Franco acabou conseguindo a vitória e retirou a autonomia daqueles estados que
a tinham conseguido durante a Segunda República Espanhola, inclusive realizando
pesada repressão à eles.
Terminada
a longa e sangrenta guerra civil espanhola (1936 – 1939, quase 1 milhão de
mortos), o ditador Francisco Franco tentou impor a todos os setores da vida
nacional uniformidade que superasse a profunda divisão dos anos anteriores.
Proibiu-se por exemplo, o ensino e mesmo o uso público das línguas regionais
para defender o castelhano, idioma oficial e tornado sinônimo de “espanhol”
(quanto a rigor existem vários falares espanhóis, como catalão, basco, galego,
asturiano). (FRANCO JÚNIOR, 2007, p.104).
Proibidos
de se rebelarem contra o governo, as regiões antifranquistas, como por exemplo,
a região da Catalunha, procuraram utilizar outros meios para resistir às
sanções impostas pelo ditador. As artes, como a literatura e a pintura
demonstraram as atrocidades cometidas pelo atual governo, que bombardeou a
cidade de Barcelona, atingindo a sede do clube. Além das artes, o futebol
também se tornou um símbolo essencial para buscar a independência do
território, pois foi através dele que os sujeitos puderam extravasar suas
vontades.
[...]
Ora, o separatismo anticastelhano e antifranquista vinha, sobretudo de bascos e
catalães, exatamente aqueles que dominavam o futebol espanhol [...] O
Barcelona, sobretudo, tornou-se o maior símbolo antifranquista. O escudo do
clube traz as cores da bandeira da Catalunha e de certa forma é outra bandeira
da comunidade. (FRANCO JÚNIOR, 2007, p.104).
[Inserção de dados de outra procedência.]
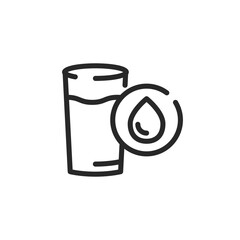 Drinking Water Icon. Outline Vector Glass Filled with Drinking Water with Water Drop Pictogram.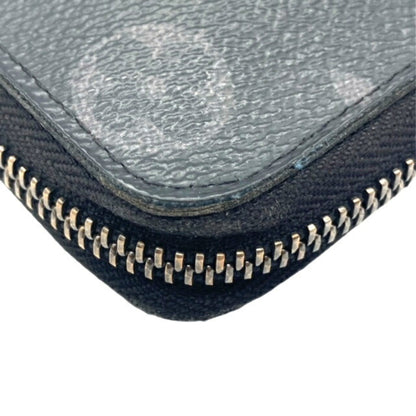 LOUIS VUITTON Zippy Vertical Monogram Eclipse M62295 RFID Tag Men's Round Long Wallet PVC Gray Black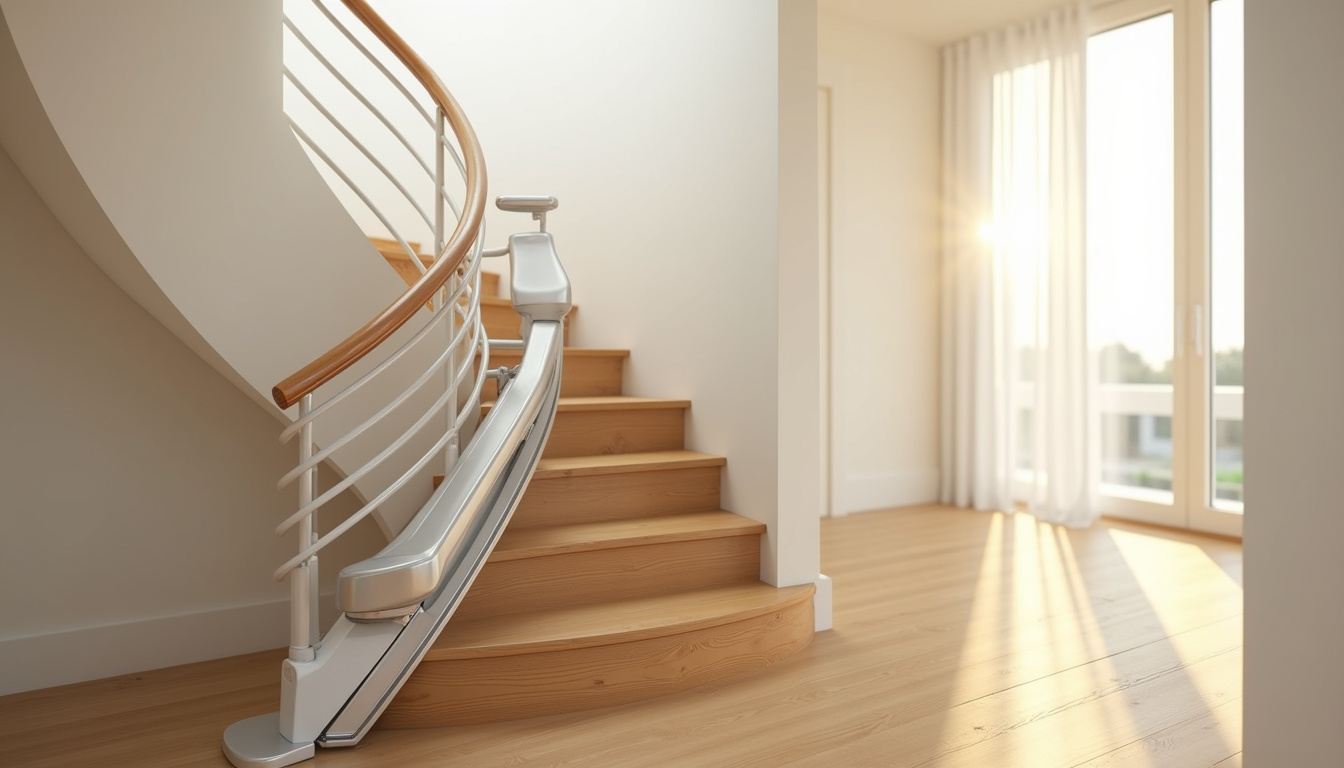 Monte-escalier tournant installé dans une maison à Lusignan, adapté à un escalier avec virage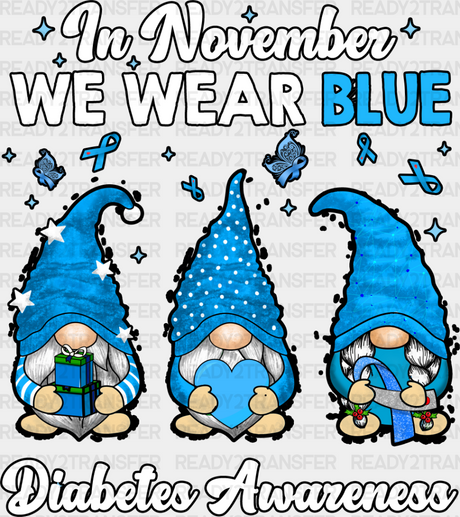 In November We Wear Blue Gnome - Diabetes Dtf Heat Transfer Adult Unisex S & M (10’’) / Dark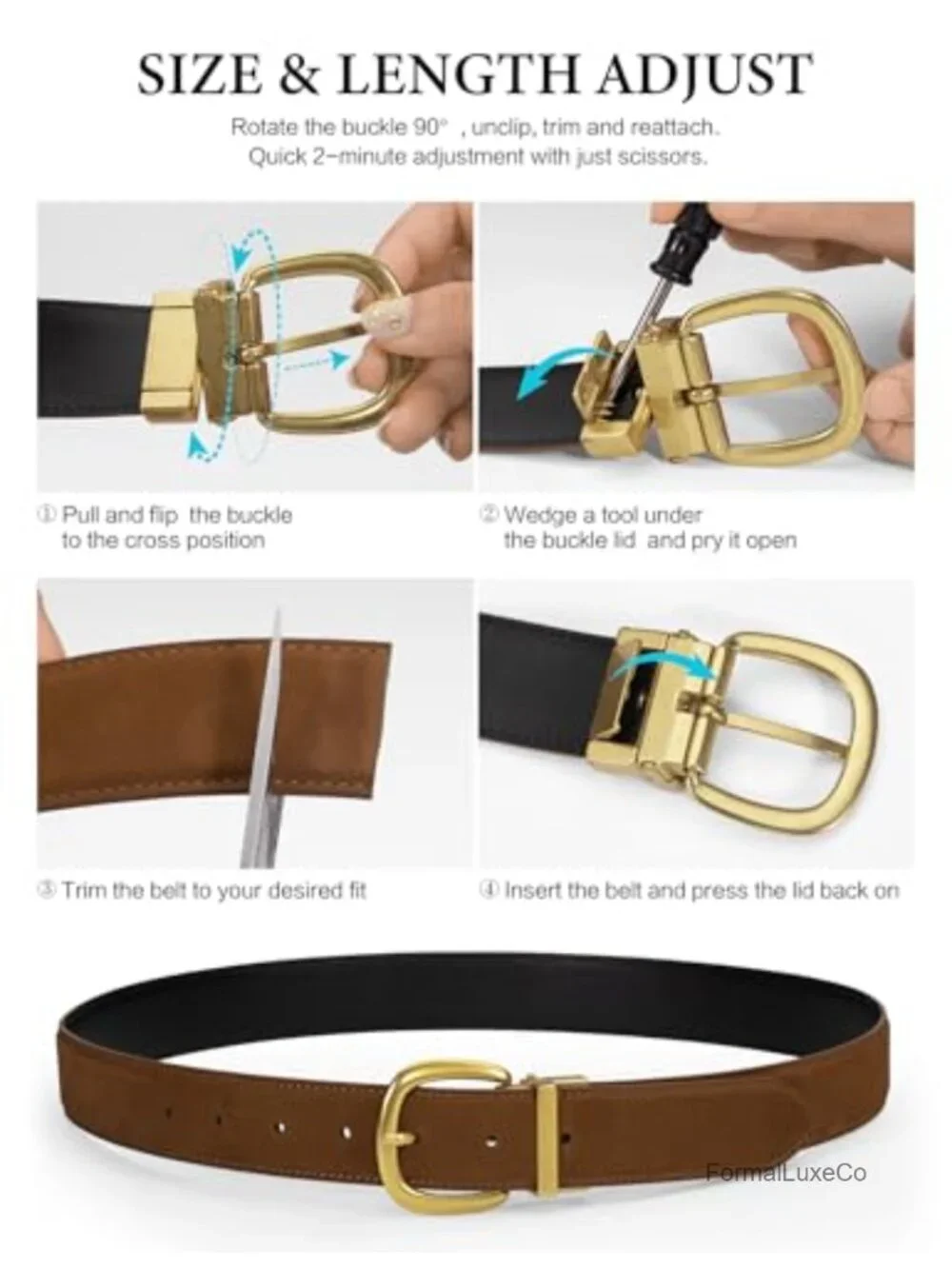 Genuine Top-Grain Suede Belt with Gold Buckle, Nappa Leather Backing, 1.3 Inch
Invasões Franquistas à Barcelona durante a Guerra Civil Espanhola
http://www.areamilitar.net/HISTbcr.aspx?N=87 <acesso em 18/05/2015>
É
o que diz o slogan do Barcelona, “més que
un club”, ou em português, mas que um clube, um símbolo político da
resistência catalã contra a Espanha, a tentativa de através do futebol levar ao
planeta a vontade de se tornar livre de um estado que para eles, não os
representa.
http://spainticketsonline.info/wp-content/uploads/2012/02/mes-q-2.jpg <acesso em 18/05/2015>
A
torcida do Barcelona não espera os jogos contra o seu maior rival, para
protestar. Em todo jogo, além de bandeiras da Catalunha e pedidos de independência,
a torcida demonstra que não esqueceu os episódios ocorridos durante a Guerra de
Sucessão Espanhola, e aos 17 minutos e 14 segundos do primeiro tempo, se juntam
para exaltar o ano de 1714, quando os catalães ao final da guerra, tentaram um
levante contra a coroa espanhola, foram cruelmente sufocados.
Já
o time do Real Madrid, que de time do rei, passou a time do ditador e agora é o
time que representa a Espanha, representa para seus torcedores a vontade da
capital, em manter sobre controle as regiões que procuram a independência. É
possível ver em todos os jogos do time madridista a bandeira da Espanha, o
respeito ao hino e ao rei espanhol, claramente indo contra os separatistas. O
clube é um sinônimo de força espanhola.
Mas
é no clássico entre Barcelona e Real Madrid que as diferenças são acentuadas. A
grande audiência dos últimos anos, quando o clássico deixou de ser espanhol e
passou a ser mundial, pode ser uma explicação para nós, que não vivemos as
disputas políticas entre os espanhóis e os catalães, mas para os espanhóis e
também os catalães a explicação é que os times representam muito mais que um
clube, eles representam toda uma sociedade que busca no futebol um espaço de
resistência.
Referencia: FRANCO JÚNIOR, Hilário. A dança dos deuses: futebol, cultura, sociedade. São Paulo: Companhia das Letras, 2007.
Nesse sentido, quando apresentamos o clássico entre Real Madrid x Barcelona, demonstramos os alunos a ideia de um espaço onde é possível lutar pela independência e pelo o que deseja. É interessante, que os alunos passam por vários seculos de história. Desde a idade média, que demonstrava que a rivalidade não é somente futebolística, até o inicio do século XX, onde entra na Guerra Civil e as mortes que ocorreram, chegando por fim na esfera do futebol.